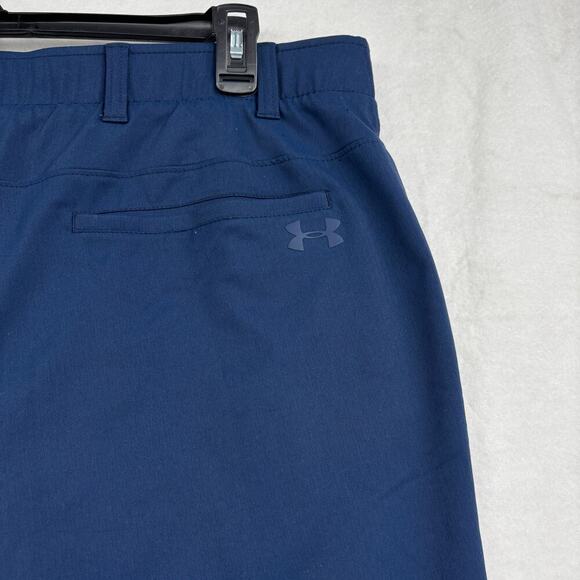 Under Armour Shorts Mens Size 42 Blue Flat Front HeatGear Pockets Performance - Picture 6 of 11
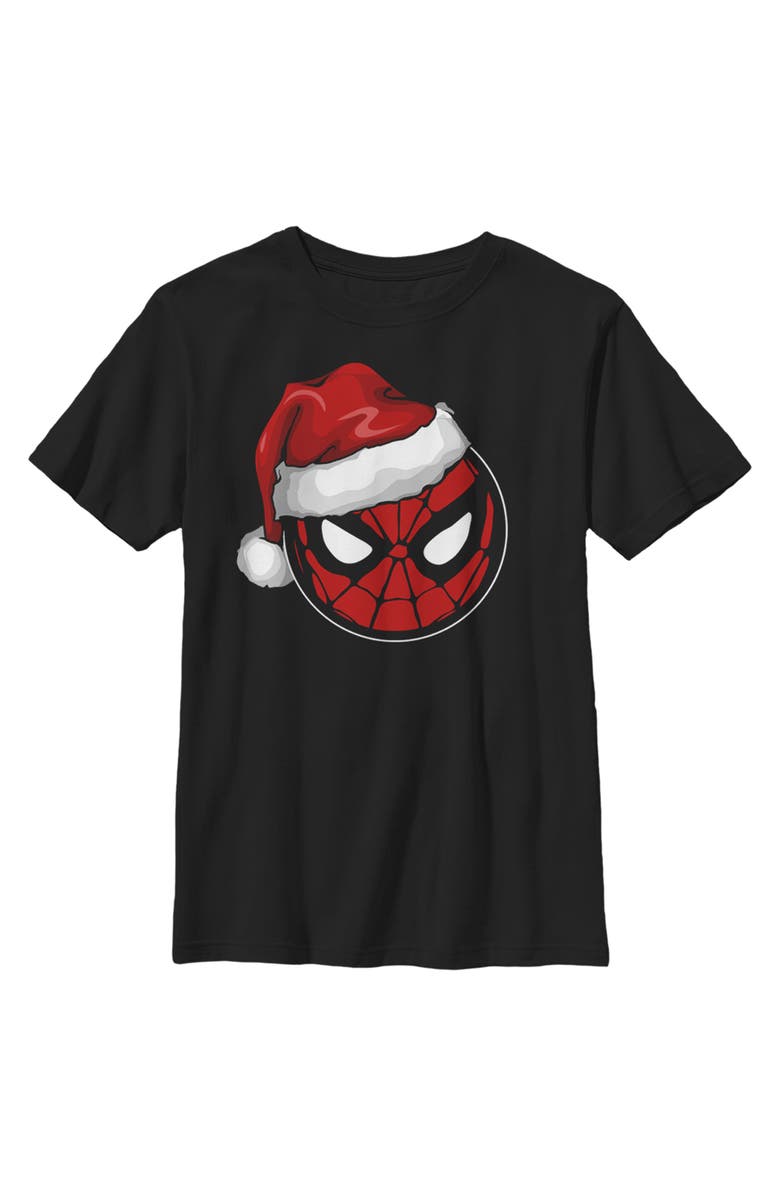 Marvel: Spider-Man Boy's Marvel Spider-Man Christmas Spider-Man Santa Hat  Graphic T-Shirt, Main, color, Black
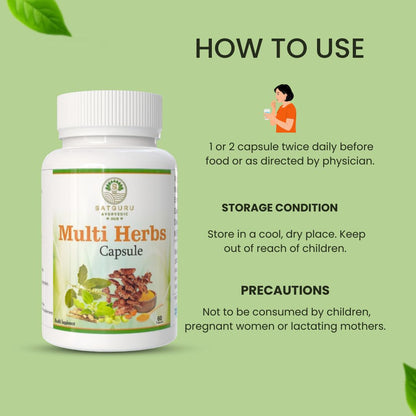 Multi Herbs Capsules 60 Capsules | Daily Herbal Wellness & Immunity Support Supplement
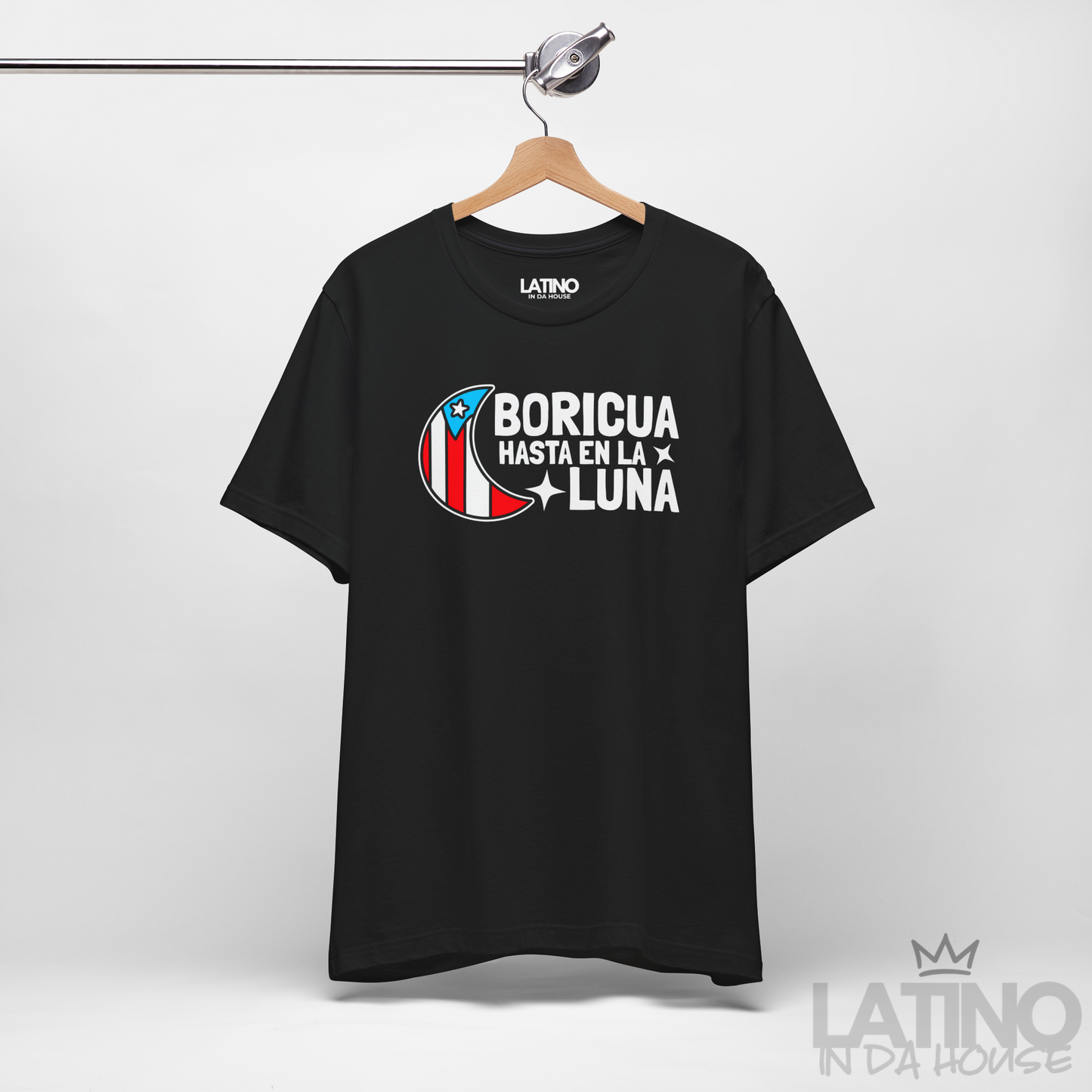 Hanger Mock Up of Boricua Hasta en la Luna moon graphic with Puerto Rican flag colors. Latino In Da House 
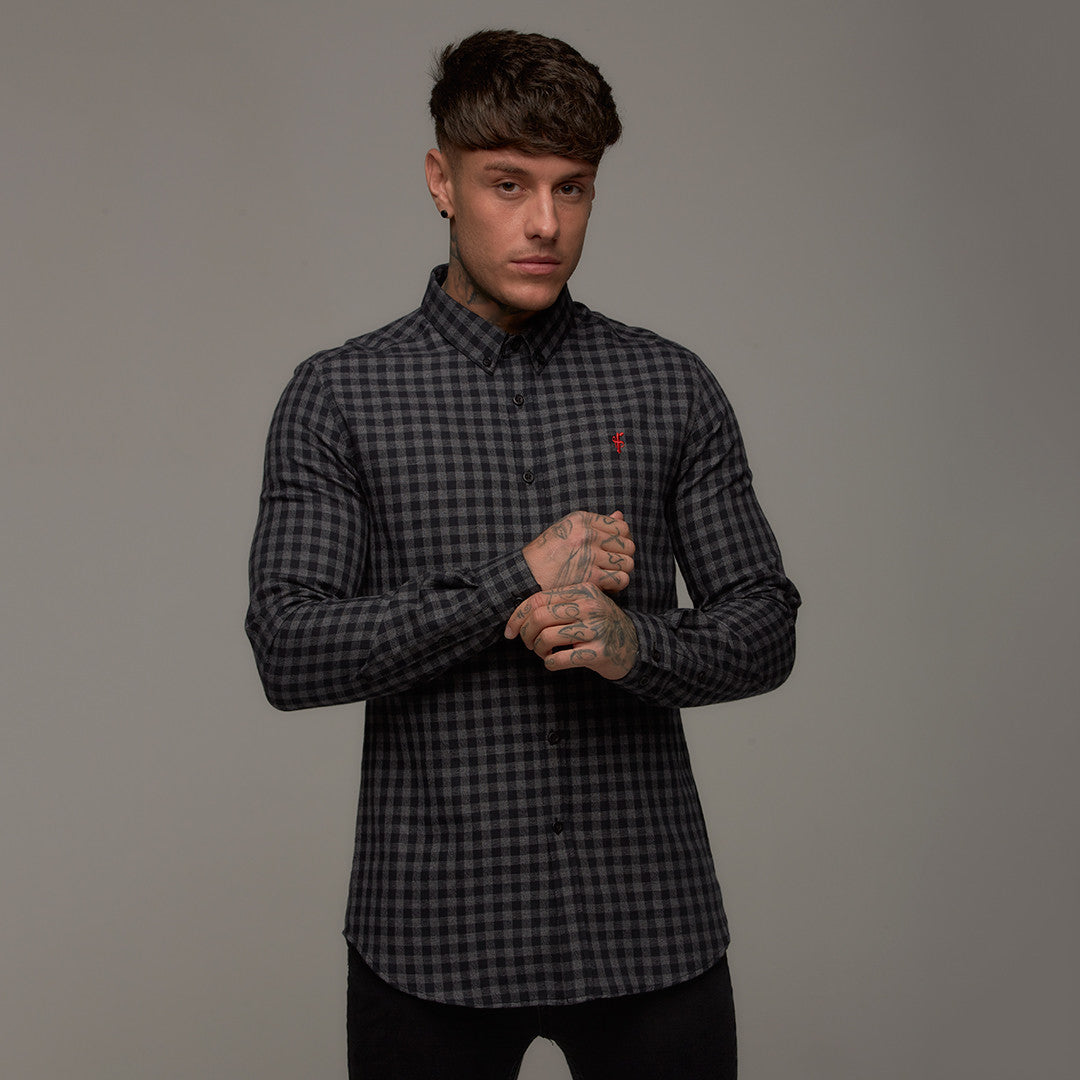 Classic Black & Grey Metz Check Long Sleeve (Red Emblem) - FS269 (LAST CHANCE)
■ ■ ■
Task item:
In the entries above, find the line containing "Hanger Mock Up", then please retype it and every line after it through the last, exactly as written, omitting pictures.

Reply to the task:
 Hanger Mock Up of Boricua Hasta en la Luna moon graphic with Puerto Rican flag colors. Latino In Da House 
 Classic Black & Grey Metz Check Long Sleeve (Red Emblem) - FS269 (LAST CHANCE)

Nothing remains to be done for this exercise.